Self-driving trucks are not going to take over all human operations, so identifying the places where autonomy is a good fit and taking steps to integrate effectively into those networks is the key to a successful execution.
While completely manageable, the challenge will be meaningful – there are natural change considerations that come with integrating new systems and operations.
We try to minimize this through efforts to simplify the process and diminish roadblocks to adoption. Torc has already taken the first steps by actively and deeply engaging with customers through our Torc Autonomous Advisory Council.
These partnerships have and continue to provide detailed input, as we work towards full productization and customer integration, ensuring we fully realize the customer perspective as we effectively deliver this promising and impactful technology.
R&AN: Safety and edge cases From your perspective, what are the hardest safety problems still unsolved in autonomous trucking, particularly in edge cases like weather, roadworks, or unpredictable human behavior?
NE: In a broad sense, the comprehensive complexity of a safety case is the most rigorous and therefore one of the most challenging hurdles to address for a truly scalable product deployment.
Proving that a product is inherently safe requires far more than an impressive demonstration. It demands a comprehensive, reliable, repeatable, and traceable approach to safety, which is a significant undertaking.
This includes applying rigorous engineering standards and practices, clearly defining and controlling the permissible operating environment, and ensuring proper system performance through thoughtful design, rigorous simulation and real-world testing, detailed operational documentation, and thorough training.
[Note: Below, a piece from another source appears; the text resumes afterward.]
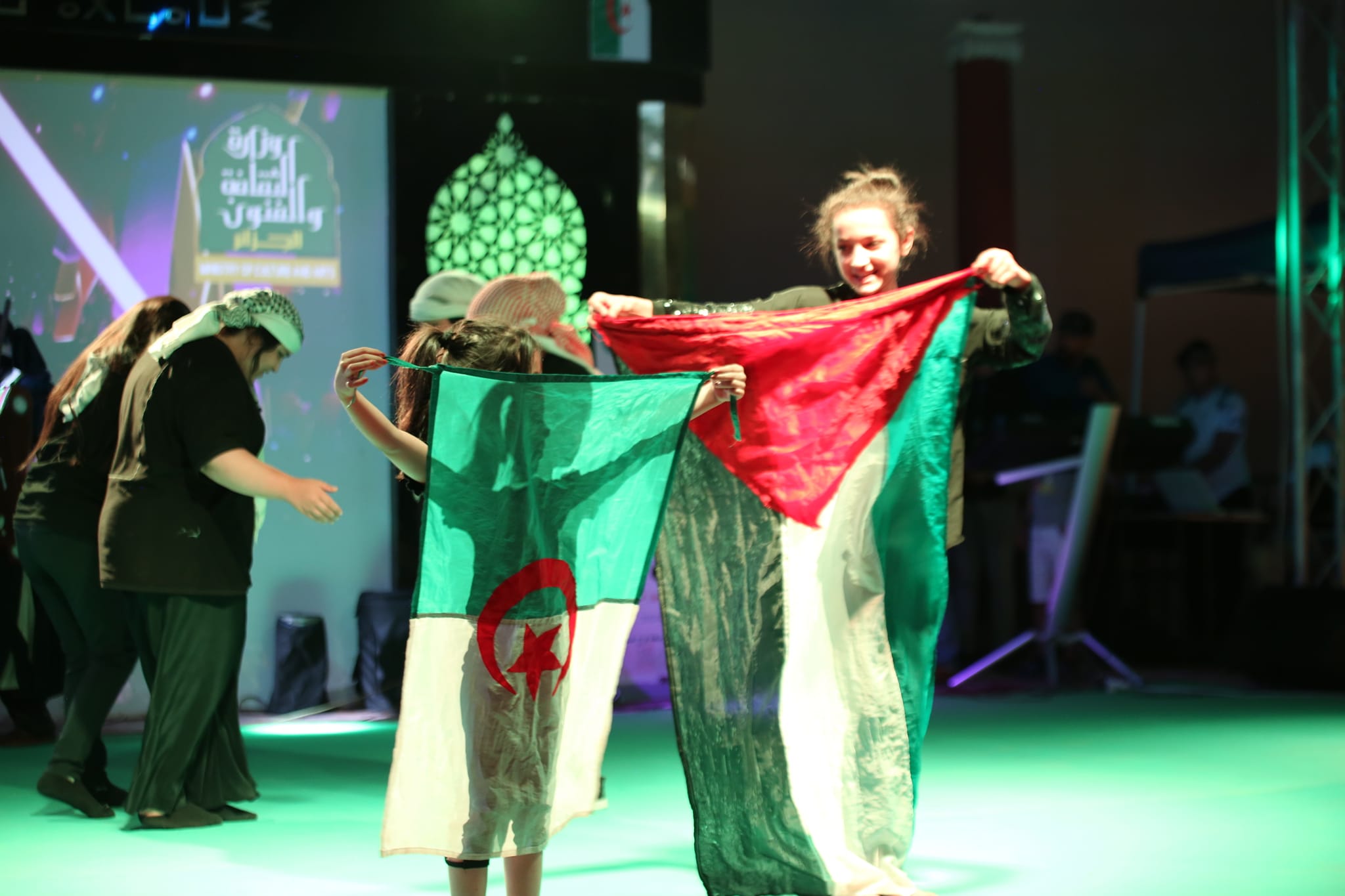 المهرجان الثقافي الوطني الأول للموسيقى والأغنية الشاوية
R&AN: Scaling beyond pilot programs Many companies have demonstrated successful pilot runs. What are the main barriers that prevent those pilots from scaling into fully commercial operations across multiple routes and regions?
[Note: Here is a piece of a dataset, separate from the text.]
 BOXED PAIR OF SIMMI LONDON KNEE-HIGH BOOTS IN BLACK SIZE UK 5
NE: Pilots provide valuable operational data and insights that help continuously improve both the systems and the supporting infrastructure needed for efficient autonomous truck operations.
Ultimately, however, scaling requires more than incremental improvement, the product must be highly reliable and deliver a clear Total Cost of Ownership (TCO) advantage.
A key factor in achieving this is manufacturing trucks at scale on a factory line, where both cost efficiency and reliability can be consistently met.
Additionally, effective scaling requires a robust service and support infrastructure to maintain the product in the field. This includes comprehensive preparation for maintenance and repairs, reliable parts distribution, and well-developed support services to ensure consistent, ongoing operation.
R&AN: The timeline question If we look ahead five years, what does a “successful” autonomous trucking network actually look like in practical terms – and what percentage of freight movement could realistically be handled autonomously by then?
NE: With continued advances in hardware and rapidly evolving algorithms, autonomous trucks are likely to be operating routinely on highways and interstates across a significant portion of the US in the next five years.
The majority of operations will likely remain concentrated in the southern half of the country, but regular autonomous routes will connect nearly all major key market areas (KMAs) from coast to coast.
Human-driven trucks will remain essential to freight logistics, but autonomous trucking will be firmly established as a core tool within the broader logistics ecosystem.